Massive amounts of inter-zone traffic when enabling XDCR

polfer · May 4, 2016, 8:02pm

We are currently running a 3 node cluster using 4.0.0-4051 Community Edition on Amazon Web Services. Each node runs in a different availability zone, and has been relatively stable for some time.

Several days ago we began an effort to shift to a new instance type with more RAM. We started a new cluster with three additional instances and established a one-way XDCR replication between the existing cluster and the new one. Replication seems to have gone well, views were built on the target, etc.

The problem is that we later discovered that inter-zone network traffic for the original cluster (our replication source, NOT the replication target) had shot through the roof. By that I mean we racked up over 10TB (!) in inter-zone traffic charges in a day and a half. Again, this occurred only the original cluster. The new cluster has a fraction of the traffic. The moment we killed XDCR everything went back to normal on the source cluster.

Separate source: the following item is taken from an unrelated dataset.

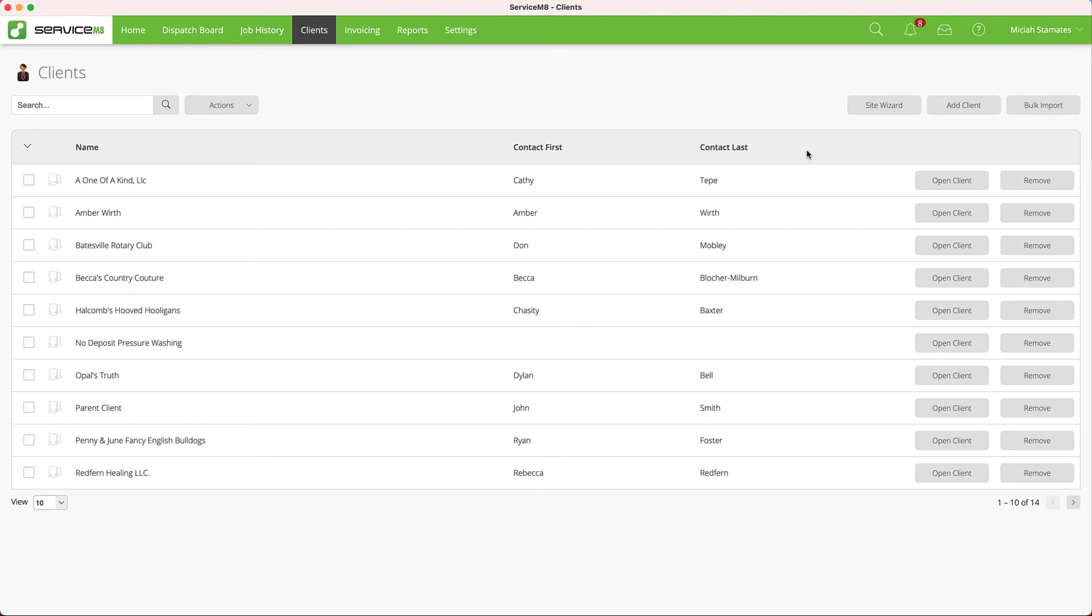Each one has their pros and cons depending on your workflow. One may work better than another, and for others, you may have to do a mix. You may always know your clients' sites before you create them. Other times there may be a random instance, or maybe this is you in general, where that call comes and you're taking the information in real time. In that case, it may be easier just to go ahead and create the job with the site information.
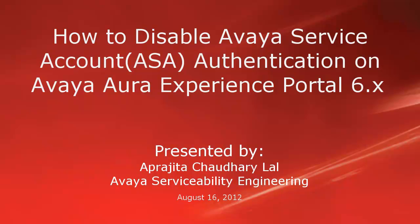Hi, this is Aprajita from Avaya Serviceability Engineering team. In this video, we will learn how to disable Avaya Service Account, which is ASA, Authentication on Avaya Aura Experience Portal 6.x.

This is not a huge database. The database is relatively stable with just over 1.5M documents and a total size less than 25GB. Also, we’re not turning the data over frequently, and material is primarily added in a gradual fashion (not a high write load on the primary cluster). That excessive traffic had continued at a pretty constant rate even though the replication looked to have caught up long ago.

Any ideas or guidance on troubleshooting or understanding this? I haven’t run into something similar the forums, yet, and am about to start digging on logs. Having said that, I can’t believe this is expected or normal behavior. Thanks in advance for any ideas.

cihangirb · May 4, 2016, 10:59pm

Let me make sure I understand this right - you are saying the source cluster is placed across AZs with zone awareness (server groups) and the XDCR replication to the new cluster caused source cluster intra cluster data movement to shoot up?
is that accurate?
thanks
-cihan

polfer · May 5, 2016, 12:43am

Thank you for helping. In this case there are no server groups configured (community edition).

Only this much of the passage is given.